Milorad Dodik läuft rot an, wenn er nur den Namen "60 Minuten" hört. Der selbstherrliche Chef aller bosnischen Serben, der sich fälschlicherweise Sozialdemokrat nennt, hat allen Grund dazu. Denn die Journalisten fanden schon vor Jahresfrist heraus, dass Dodik in Korruptionsskandale verwickelt ist. Als Dodik letztes Jahr die international anerkannte Antikorruptionsagentur Transparency International aus Banja Luka rausgeworfen hatte, begann ein Verfahren der Sipa, der gesamtstaatlich organisierten Antikorruptionspolizei, gegen ihn. Dodik wird vorgeworfen, er habe beim Bau eines überdimensionierten Regierungspalastes und eines Autobahnteilstückes sowie bei der Privatisierung von Firmen vermutlich Provisionen eingesteckt. Tatsache und überprüfbar ist, dass Dodik sich im Nobelviertel von Belgrad, Dedinje, eine Villa für mehrere Millionen bauen ließ.

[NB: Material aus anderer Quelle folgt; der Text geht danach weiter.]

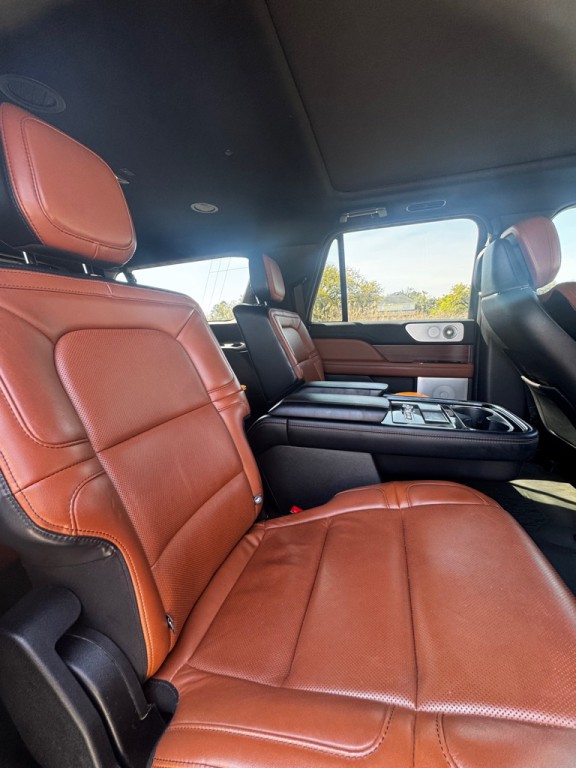 2020 Lincoln Navigator Image 16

Am vergangenen Montag war Dragan Lukac, der Vizedirektor der Sipa, Gast der Sendung. Und es stellte sich heraus, dass Dodik versucht hat, in das schwebende Verfahren einzugreifen und es zu torpedieren. So bewog er offensichtlich den serbischen Chef der Behörde und einen Richter am gesamtstaatlichen Gericht, Einfluss auf das Verfahren zu nehmen.

Da aber die Europäische Polizei und auch das Office of High Representative, also die internationale Gemeinschaft in Bosnien und Herzegowina, den Gang der Dinge überwacht, wird diese Einflussnahme möglicherweise erfolglos sein. Das kann aber niemand mit Bestimmtheit sagen, denn auch die Institutionen der internationalen Gemeinschaft sind anfällig für Einflussnahmen von außen.

Dodik ist aber auf jeden Fall in Schwierigkeiten. Und so versucht er mittels seines Freundes Zeljko Kopanja, dem Chefredakteur der in Banja Luka erscheinenden Zeitung Nezavisne Novine, und des Fernsehens der serbischen Teilrepublik, die Angriffe auf ihn als "Angriffe auf alle Serben" hinzustellen. Er droht sogar damit, eine Massenbewegung zur Verteidigung der serbischen Teilrepublik ins Leben zu rufen. Und er versucht in die ohnehin nationalistische orthodoxe Kirche einzugreifen. Gegen dialogbereite und reformerische Priester gerichtet, spendete Dodik kürzlich große Geldsummen für deren extrem-nationalistische Gegenspieler im Klerus.

Dodik hat sich eine starke Machtposition aufgebaut: eine absolute Mehrheit im Parlament, eine hörige Presse, einen gefügigen Staatsapparat und eine bisher schwache Opposition. Doch die wird stärker - der Vorsitzende der einflussreichen serbischen Veteranenorganisation sagte gegenüber "60 Minuten", niemand dürfe sich anmaßen, die "Republika Srpska" und die eigene Person gleichzusetzen.

Auch die ehemaligen Soldaten gehen auf Distanz. Bei den Serben und den Bosniaken-Muslimen. Bosniakische Veteranen besetzten des Parlament der bosniakisch-kroatischen Föderation. Die sozialen Probleme haben sich mit der Weltwirtschaftskrise verschärft. Entlassungen, Streiks und soziale Unruhe greift um sich. Tausende demonstrierten letzte Woche in Tuzla.

Dodik, der Sarajevo als "bosnisches Teheran" bezeichnet und ständig von "muslimischem Terrorismus" in Bosnien faselt, und Ceric, für den Dodik ein "Spalter Bosniens" ist, sind eigentlich Antipoden. Beide, Dodik und Ceric, brauchen jedoch einander - um als gegenseitiges Feindbild die eigenen Schäfchen zusammenzuhalten.

Aber hinsichtlich "60 Minuten" sind sie sich einig. Jetzt verteidigt Dodik sogar seinen Gegner Ceric gegen die Journalisten. Zum Gaudium eines immer größer werdenden Publikums. Jeden Montagabend.